As a statement made by one of the leaders of the movement, this article was not exactly appropriate.   Katayama called workers receiving aid and workers unable to work due to illness or injury, "shameless knaves" and castigated them for being "disloyal, lacking in zeal, and with no feelings at all".   However, it was not the case that all of them were deliberately avoiding paying their dues; there were doubtless some who wanted to pay but could not.   Also, Katayama's argument ignored the fact that the mutual aid system had been effective in contributing to the organization of many union members in a short period of time.   It was also surely inappropriate for a leader of the movement to adopt a position which saw 'healthy workers' in opposition to 'workers who received aid'.   Nevertheless, it is a fact that there were some union members who saw mutual aid money as lottery money so Katayama's criticisms were not entirely off the mark.
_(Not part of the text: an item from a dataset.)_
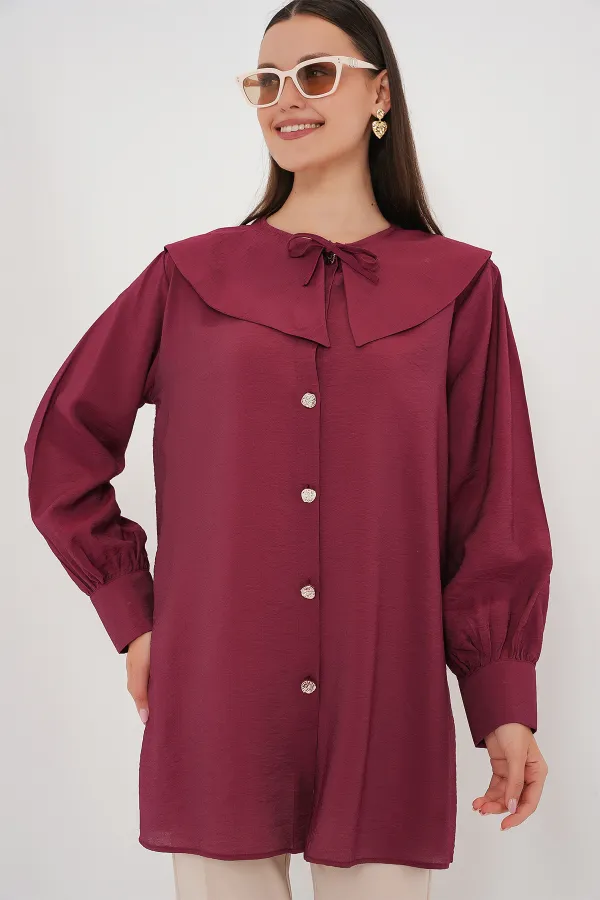 Women's Baby Collar Long Tunic 5967 - Burgundy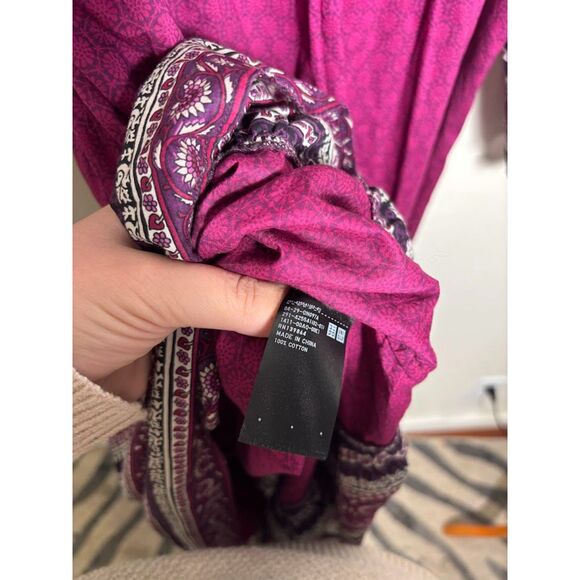 Anna Sui x Uniqlo Dress Women's Large Pink Purple Prarie Boho Peasant 60s 70s - Picture 5 of 5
Takano still did not argue against Katayama's proposals directly but instead, in order to maintain the mutual aid system in some way, he put forward a "Personal Proposal for Reform in the Ironworkers' Union", which incorporated a plan to set up a credit union based on the recently enacted Industrial Unions Act.   Practically, this meant that of the 20 sen union subscription payment, 6 sen would be deducted first to pay to a credit union, an incorporated foundation, and of the remaining 14 sen, 3 sen would go to head office, 2 sen to the branch office and 3 sen as Kiseikai membership dues.   This would leave 8 sen (presumably an error - it should be 6 sen), which would be used for mutual aid payments.   He also proposed that the amount of mutual aid payment for illness be reduced from 15 sen a day to 10 sen a day and that the number of days of sickness and the types of payments made for such cases of sickness be left as they were.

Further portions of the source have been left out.